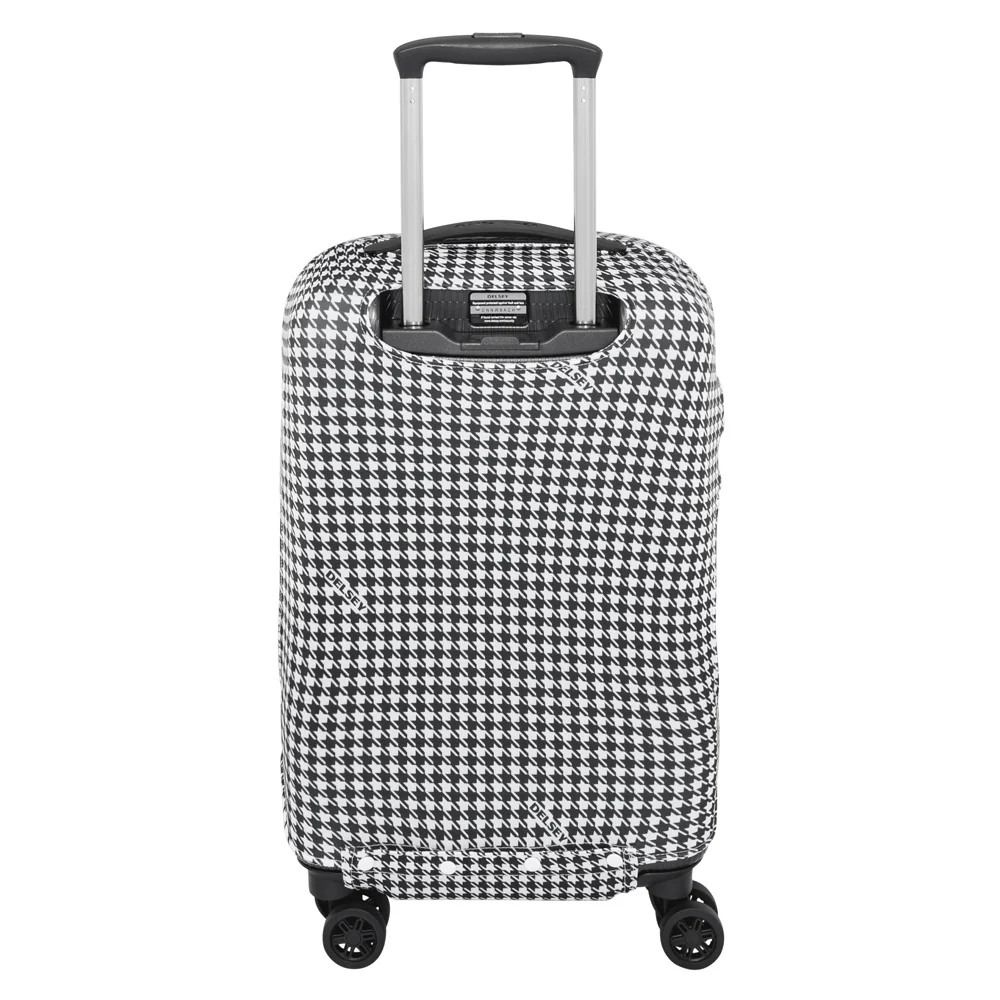HOUSSE À BAGAGE - Housse à valise extensible (S/M) - Image 14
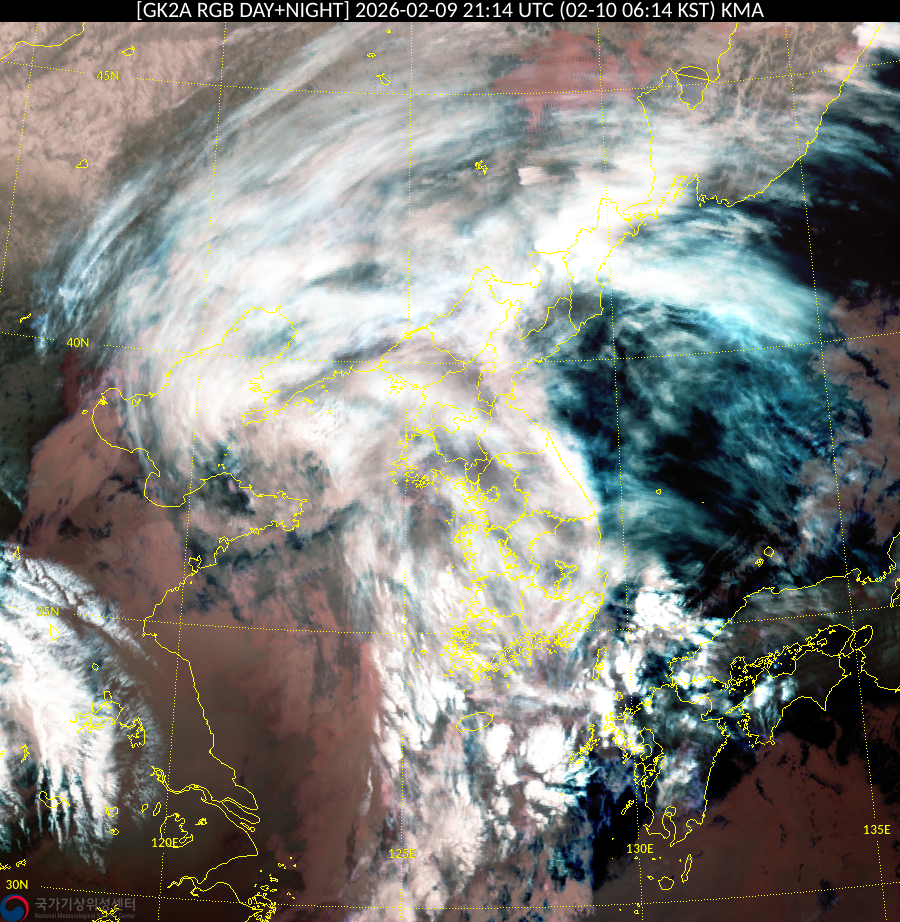 Satellite : 202602092114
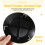 51719802413 for -  R60 Mudguard Cover Inner -Access Cap 5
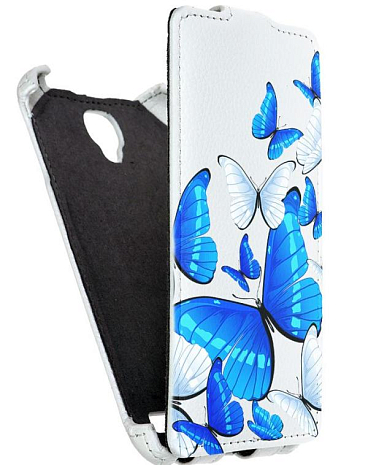    Alcatel One Touch Idol 6030 Armor Case () ( 11/11)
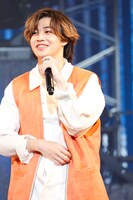 KANATA（撮影：笹森健一）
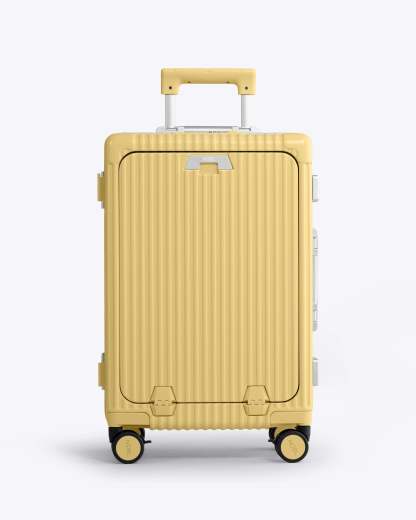 Carry-On: All-in-One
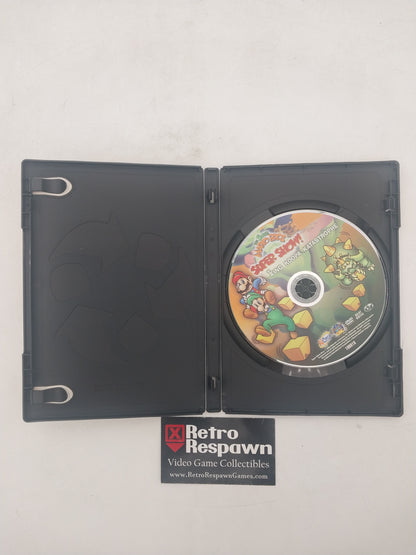 The Super Mario Bros Super Show [King Koopa Katastrophe] - DVD (Complete)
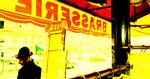 BRASSERIE. Læserne har mange tips til gode franske restauranter. 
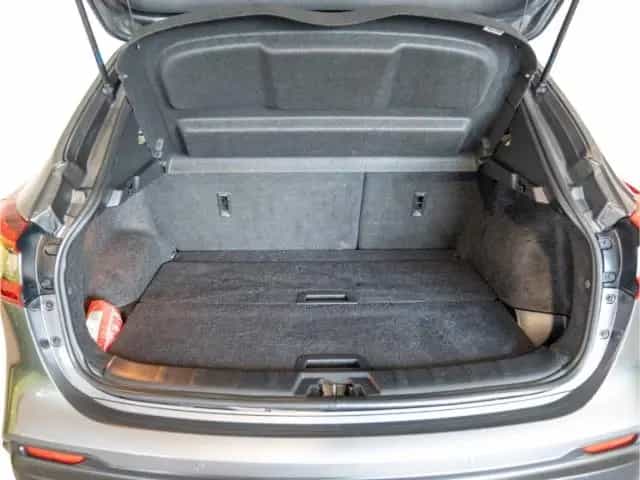 Nissan Qashqai 1.7 dCi Tekna+ 4x4 AHK Panorama BLIS BOS 06/2019-photo-11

+++

Activity
A faithful, word-for-word copy of the data is needed; the pictures should not appear in it.

Answer area
HOUSSE À BAGAGE - Housse à valise extensible (S/M) - Image 14
 Satellite : 202602092114
 51719802413 for -  R60 Mudguard Cover Inner -Access Cap 5
    Alcatel One Touch Idol 6030 Armor Case () ( 11/11)
 KANATA（撮影：笹森健一）
 Carry-On: All-in-One
 The Super Mario Bros Super Show [King Koopa Katastrophe] - DVD (Complete)
 BRASSERIE. Læserne har mange tips til gode franske restauranter. 
 Nissan Qashqai 1.7 dCi Tekna+ 4x4 AHK Panorama BLIS BOS 06/2019-photo-11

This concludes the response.